Abstract

Abstract One of the major gaps and concerns from the corporates and the engineering academia when it comes to hiring the fresh engineering graduates is the entire aspect of lack of adequate Social Skills. While the engineering academia focuses a lot more on developing the technical skills of their engineering students, and focusing on several pragmatic approaches in adopting learning technologies through labs and simulations, the gap w.r.t. the social and behavioural skills is steadily widening. Being in the corporate world and having dealt with the engineering freshers from colleges, we see there is very little emphasis colleges are giving on developing the social skills of their students and embedding that into their teaching pedagogy.

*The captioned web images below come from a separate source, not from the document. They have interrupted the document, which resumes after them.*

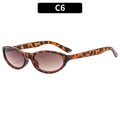 Retro oval cat eye sunglasses featuring leopard tortoise frame and brown gradient lenses - Tortoise Frame Tea Lens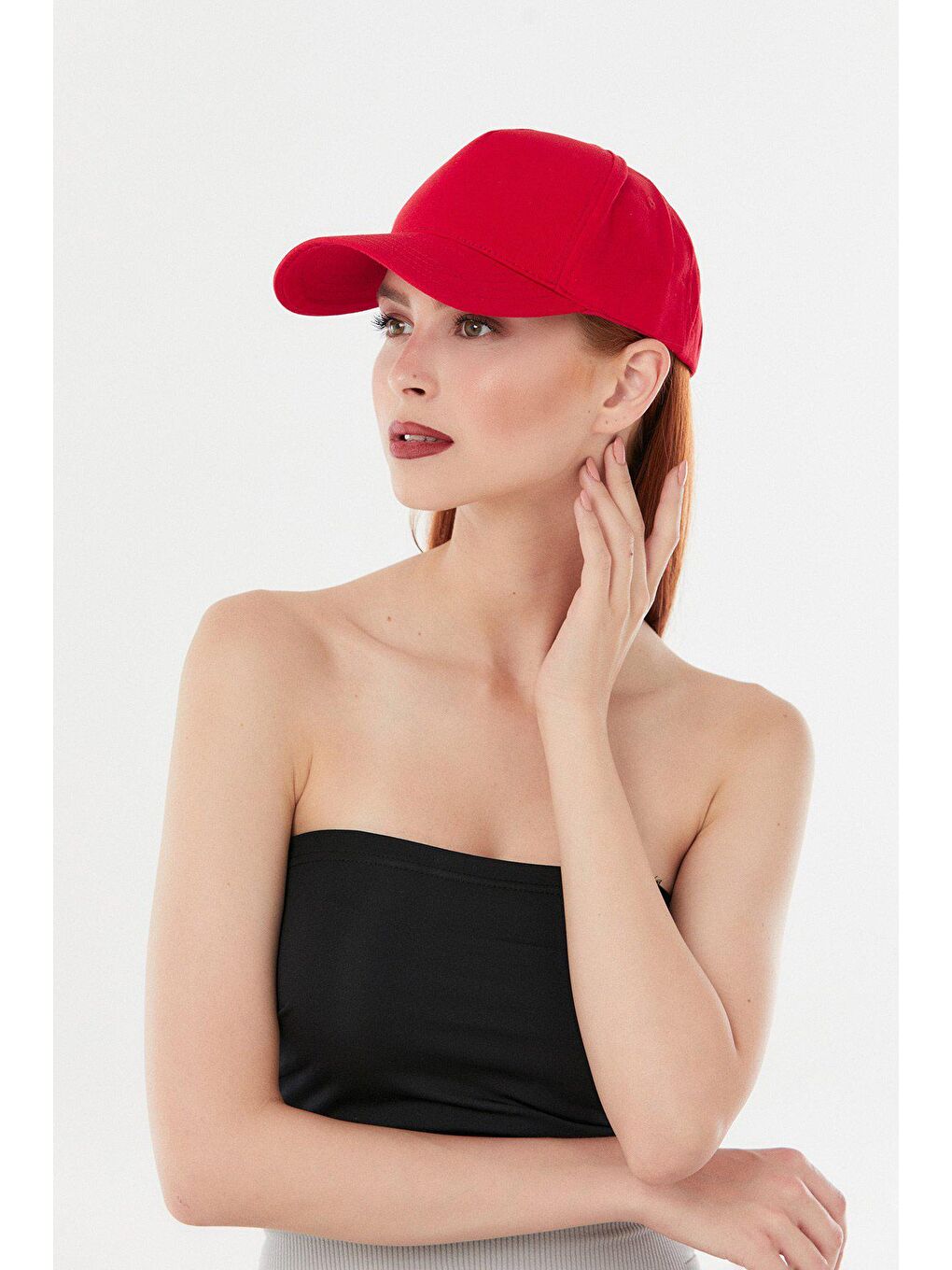 Kırmızı Basic Arkası Ayarlanabilir Kep Şapka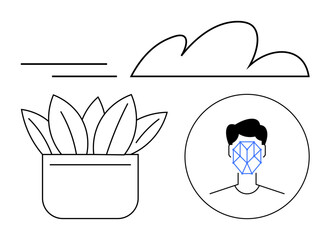 Potted plant, cloud outline, and geometric facial recognition pattern within a circular frame. Ideal for nature, technology, biometrics, connectivity, AI, identity and metaphysical concepts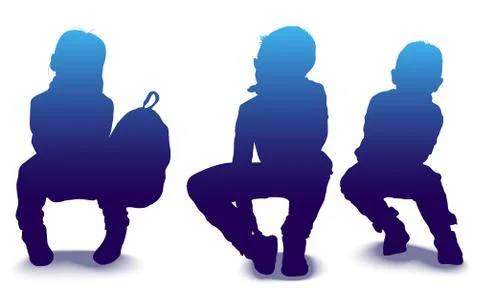 Vector shapes of children waiting Stock Illustration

This needs to be addressed immediately since it takes longer duration to prepare these engineering freshers for the real world where they would need to face the real customers from day 1 of their project work. Unless the freshers are ready with the right skills, even the businesses are not willing to put them on real billable projects with the fear that the customer may reject them or they might be risking their projects by not having the right resources on the project.We have seen some colleges giving special trainings to their students right from the 1st and 2nd year of engineering, but as we know, formal trainings are only useful to some extent and are short lived unless this knowledge is put into practice. What is needed is more comprehensive methodology which is embedded into the overall pedagogy of the engineering educators. Cooperative Learning (CL) theory and its associated techniques can help bridge this gap. In this paper, we describe the major factors that influence CL and proposed set of sub-factors, which we believe to address this shortcoming of lack of adequate social skills amongst the engineering students and making them more employable.